Mr Gaines Cooper was born in England but during his life spent a great deal of time overseas and had obtained a residency permit, purchased a property and developed business interests in the Seychelles. His second wife was also from the Seychelles.
For the tax years between 1992 and 2004, Mr Gaines Cooper argued that he was not resident or domiciled in the UK as he had obtained an overseas domicile, with the intention to reside permanently in the Seychelles and was therefore not domiciled in England during the tax years in question.
However, it was clear that he kept close connections with the South of England during these years as he kept in touch with a close circle of friends in the area; owned a property in England and retained British citizenship, never having sought citizenship of the Seychelles.
In their judgement, the Special Commissioners quoted other factors including his attendance at Royal Ascot and membership of the Rolls Royce enthusiasts club, and making a Will in the UK to be construed in accordance with English law, to support their case.
When examining the connection with the Seychelles, the Special Commissioners considered the actual amount of time Mr Gaines Cooper spent there and his social, religious and charitable connections. For example, he intended to have his ashes scattered in the Seychelles.
In accordance with the guidance found in IR20, Mr Gaines Cooper calculated the days spent in the UK during each tax year and sought to ensure that he was below the limits described in HMRC's guidance.
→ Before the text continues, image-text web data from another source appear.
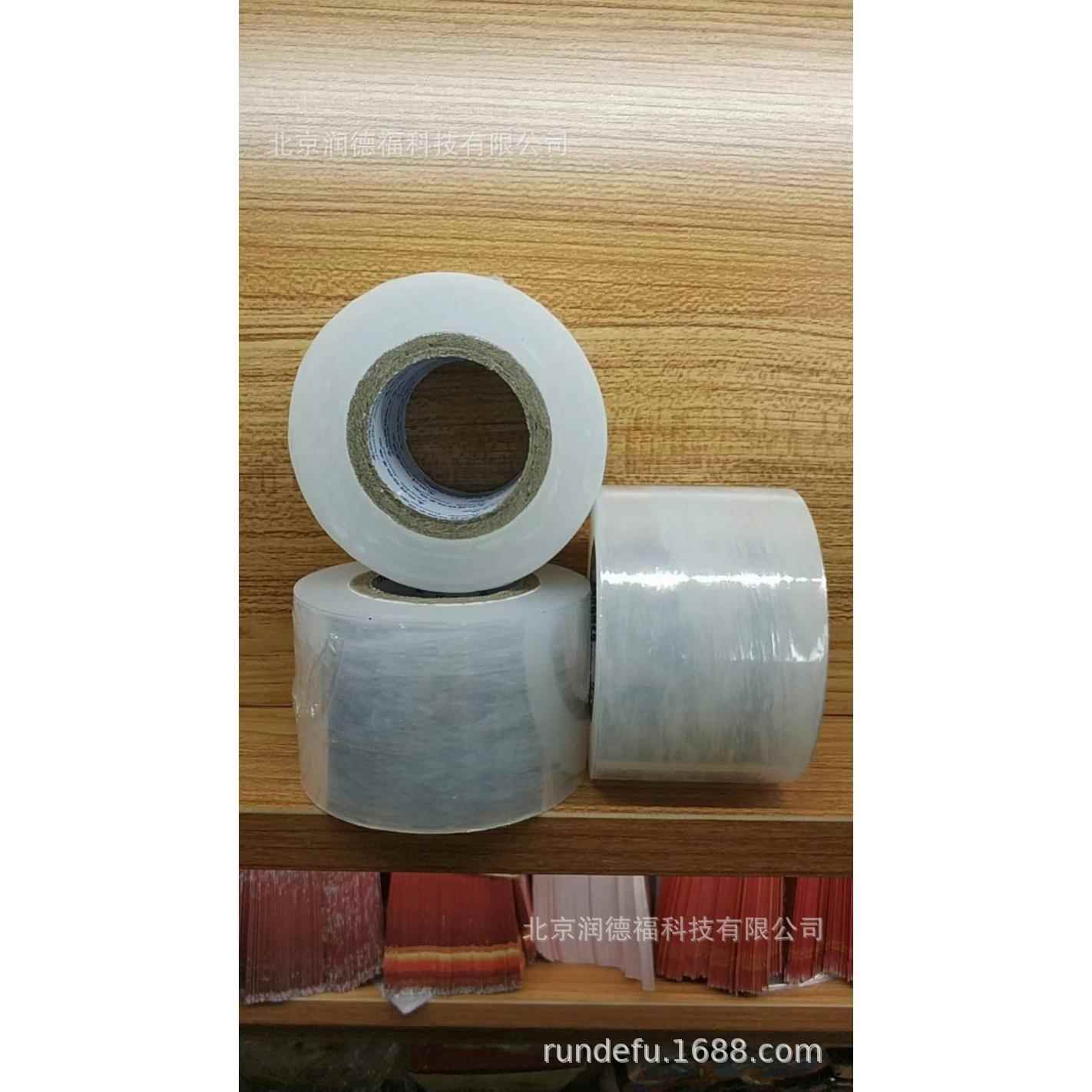 PE保鲜膜捆绑带捆扎膜扎封带5cm*300Y长100卷装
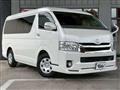 2016 Toyota Hiace Wagon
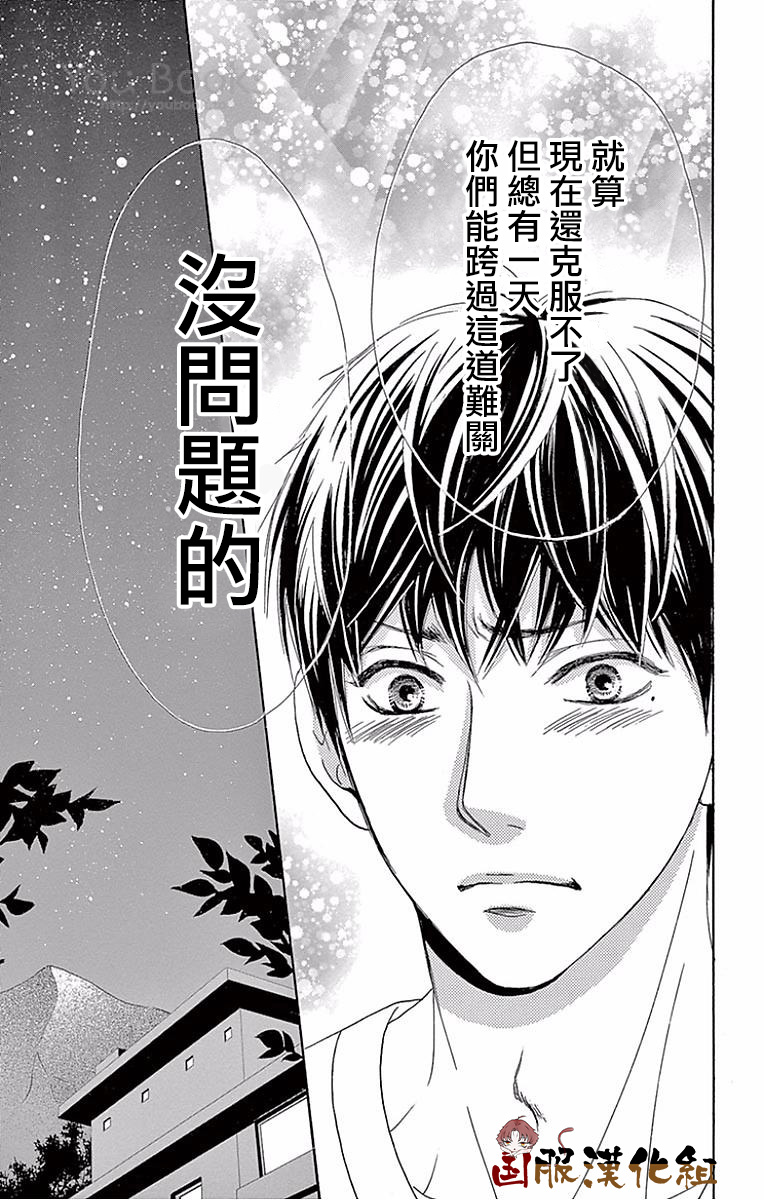 10万分之1韩漫全集-第23话无删减无遮挡章节图片 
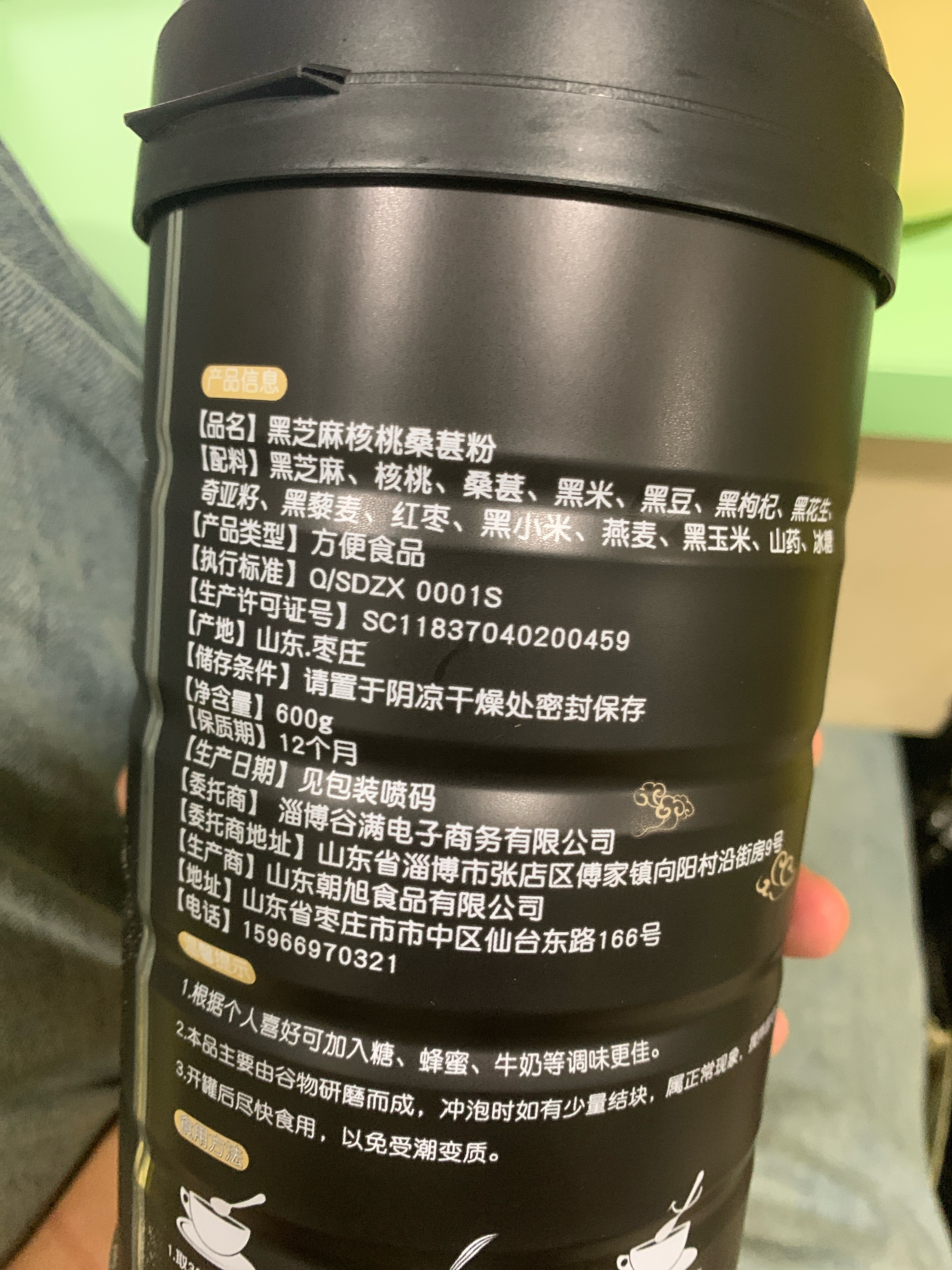 湿巾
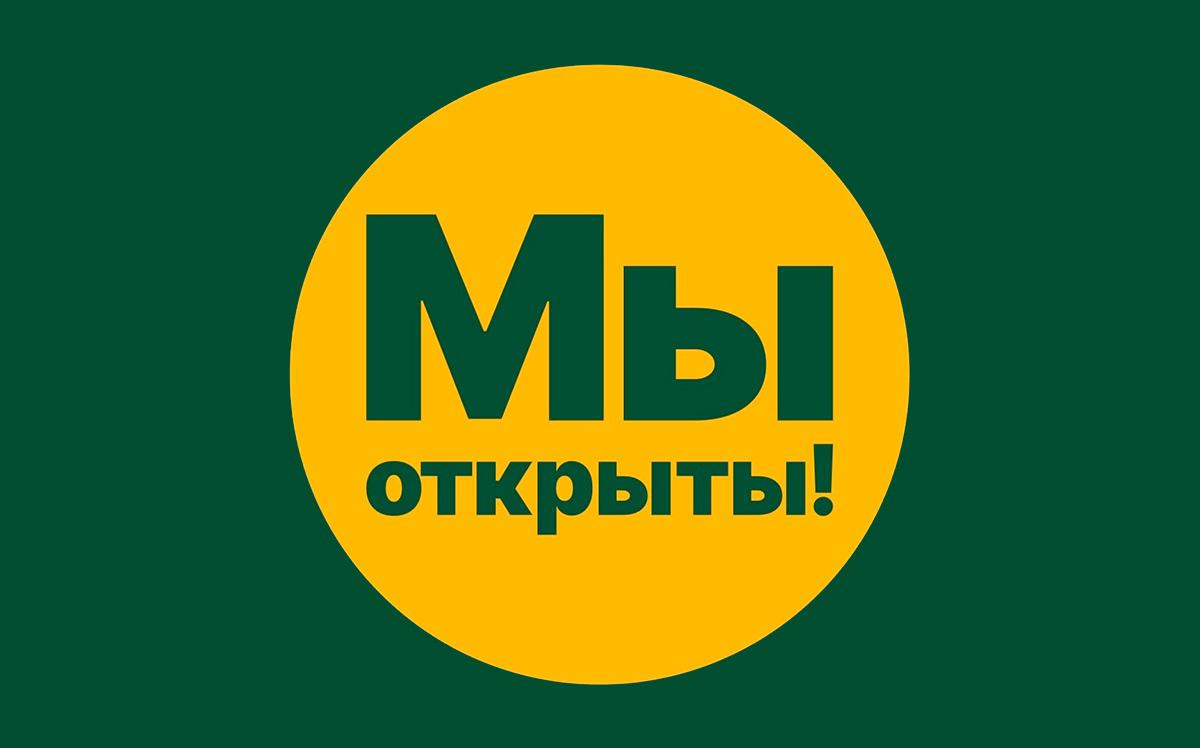 Бывшие рестораны McDonald's в Белоруссии объяснили вывеску «Мы открыты»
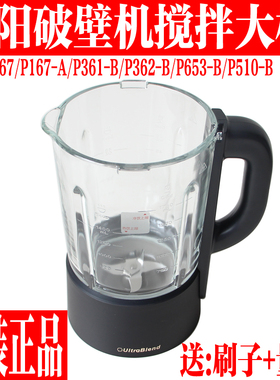 九阳破壁机配件P167/P361-B/P362-B/P653-B/P510-B搅拌玻璃加热杯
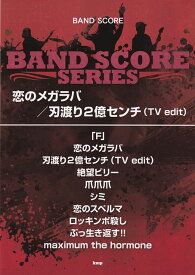 ※3300円以上送料無料【宅急便】バンドスコア　恋のメガラバ／刃渡り2憶センチ（TV　edit）　song　by　マキシマムザホルモン《楽譜 スコア ポイントup》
In accordance with IR20, he had not included in his calculation the days of arrival in and departure from the UK.
The Special Commissioners, controversially, chose to ignore this guidance and instead applied the terms of the underlying law. This meant that a more qualitative assessment of Mr Gaines Cooper's life was made. The Commissioners were not convinced about the level of Mr Gaines Cooper's attachment to the Seychelles and preferred to consider him a UK resident.
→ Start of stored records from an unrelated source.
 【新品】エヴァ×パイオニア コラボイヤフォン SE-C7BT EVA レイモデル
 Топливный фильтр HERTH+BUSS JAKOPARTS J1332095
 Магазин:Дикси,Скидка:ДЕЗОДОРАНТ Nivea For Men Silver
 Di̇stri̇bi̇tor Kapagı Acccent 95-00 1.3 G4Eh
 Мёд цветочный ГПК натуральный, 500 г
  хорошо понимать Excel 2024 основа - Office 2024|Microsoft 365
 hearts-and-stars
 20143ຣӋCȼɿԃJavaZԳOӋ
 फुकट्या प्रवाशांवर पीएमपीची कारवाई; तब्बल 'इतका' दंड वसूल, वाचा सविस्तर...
The relevant law does not specify the amount of days required to be considered non resident and the rejection of IR20 will no doubt cause many individuals to think again about their tax planning.
The Commissioners also rejected Mr Gaines Cooper's contention that he was not domiciled in England. They were not satisfied that he had rejected England in favour of the Seychelles.
The impact of this decision is two-fold. Firstly individuals should not rely on HMRC guidance issued in IR20 to plan their time in the UK. HMRC will no doubt revise its guidance to take into account this judgement. Secondly, if individuals do intend to manage their affairs so that they avoid UK tax, then these must be properly planned to ensure a closer association with another jurisdiction and the broad rejection of the UK as home.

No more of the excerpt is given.